Understanding order types. The MarketOrder('BUY', 10) creates an order to buy 10 shares at the current market price. Market orders fill immediately at the best available price, which makes them the simplest order type but also the least price-controlled. IBKR supports many order types through ib_insync:

# Market order - executes immediately at best available price
order = MarketOrder('BUY', 10)

# Limit order - only fills at $235.00 or better
order = LimitOrder('BUY', 10, 235.00)

# Stop order - becomes a market order when price hits $230.00
order = StopOrder('SELL', 10, 230.00)

# Stop-limit order - becomes a limit order at $229.50 when price hits $230.00
order = StopOrder('SELL', 10, stopPrice=230.00, lmtPrice=229.50)
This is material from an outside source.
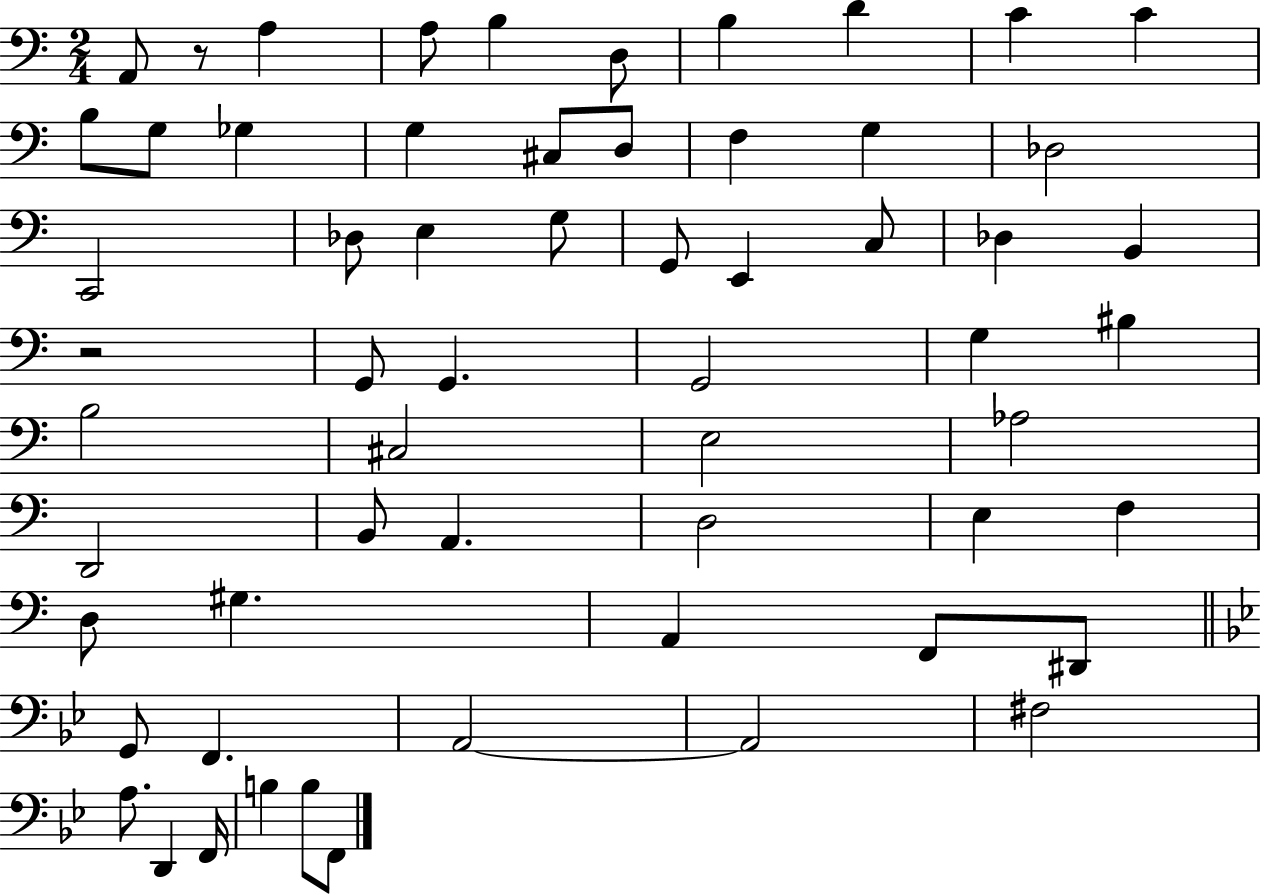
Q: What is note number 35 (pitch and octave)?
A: E3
For a trading bot, limit orders are generally preferred over market orders because they give you price control and avoid unexpected slippage. A market order on a thinly traded stock might fill at a price significantly different from what you expected. Limit orders guarantee your price or better, though they might not fill at all if the market moves away.

Checking order status. After submitting an order, the trade object tracks its lifecycle. The trade.orderStatus.status field shows the current state: Submitted, Filled, Cancelled, or Inactive. In the paper trading environment, market orders typically fill within a second. If you see Filled with a non-zero avgFillPrice, the order executed successfully.
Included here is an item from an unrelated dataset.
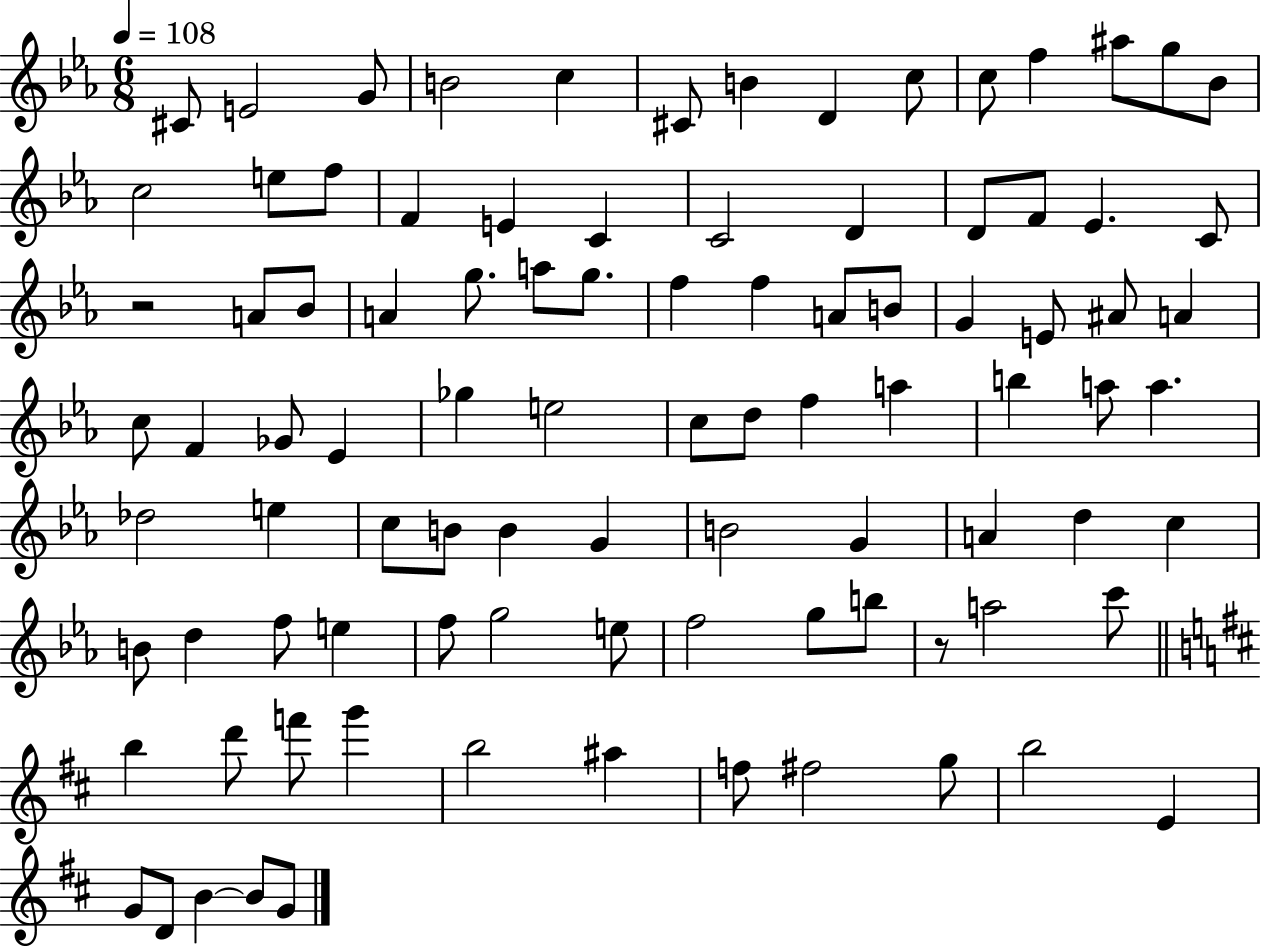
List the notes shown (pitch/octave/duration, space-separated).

Verifying in TWS. If you have TWS open alongside your script, you can see the order appear in the Orders panel in real time. After it fills, the position shows up in the Portfolio panel. This cross-verification is useful during development to confirm that your code is doing what you expect.
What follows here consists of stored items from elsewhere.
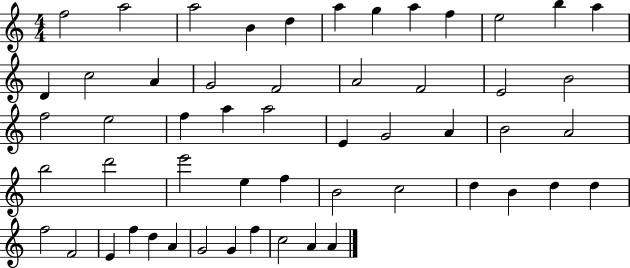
X:1
T:Untitled
M:4/4
L:1/4
K:C
f2 a2 a2 B d a g a f e2 b a D c2 A G2 F2 A2 F2 E2 B2 f2 e2 f a a2 E G2 A B2 A2 b2 d'2 e'2 e f B2 c2 d B d d f2 F2 E f d A G2 G f c2 A A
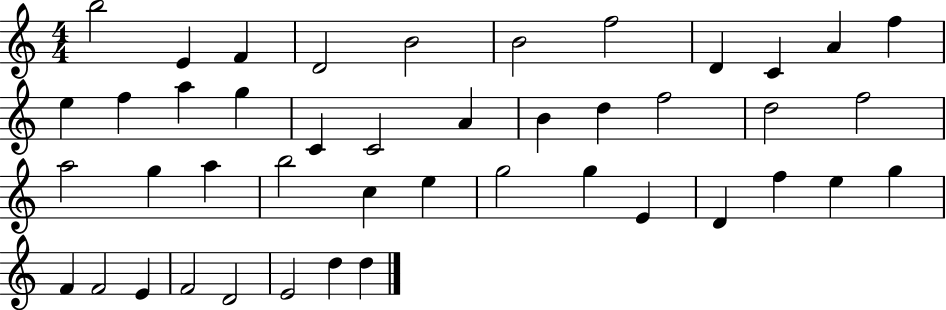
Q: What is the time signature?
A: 4/4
Adding Technical Indicators

Raw price data becomes useful when you derive signals from it. Technical indicators are mathematical transformations of price and volume data that highlight patterns like momentum, trend direction, and overbought or oversold conditions. Here is how to calculate two of the most common indicators — RSI and moving average crossover — using pandas:

import pandas as pd
import numpy as np

def calculate_rsi(df, period=14):
    """Calculate Relative Strength Index."""
    delta = df['close'].diff()
    gain = delta.where(delta > 0, 0.0)
    loss = -delta.where(delta < 0, 0.0)

    avg_gain = gain.rolling(window=period).mean()
    avg_loss = loss.rolling(window=period).mean()

    rs = avg_gain / avg_loss
    rsi = 100 - (100 / (1 + rs))
    return rsi

def calculate_moving_averages(df, fast=10, slow=30):
    """Calculate fast and slow simple moving averages."""
    df['sma_fast'] = df['close'].rolling(window=fast).mean()
    df['sma_slow'] = df['close'].rolling(window=slow).mean()
    return df

# After fetching data into df (from the previous section):
df['rsi'] = calculate_rsi(df)
df = calculate_moving_averages(df)

# Generate signals
df['signal'] = 'HOLD'
df.loc[(df['rsi'] < 30) & (df['sma_fast'] > df['sma_slow']), 'signal'] = 'BUY'
df.loc[(df['rsi'] > 70) & (df['sma_fast'] < df['sma_slow']), 'signal'] = 'SELL'

print(df[['date', 'close', 'rsi', 'sma_fast', 'sma_slow', 'signal']].tail(10))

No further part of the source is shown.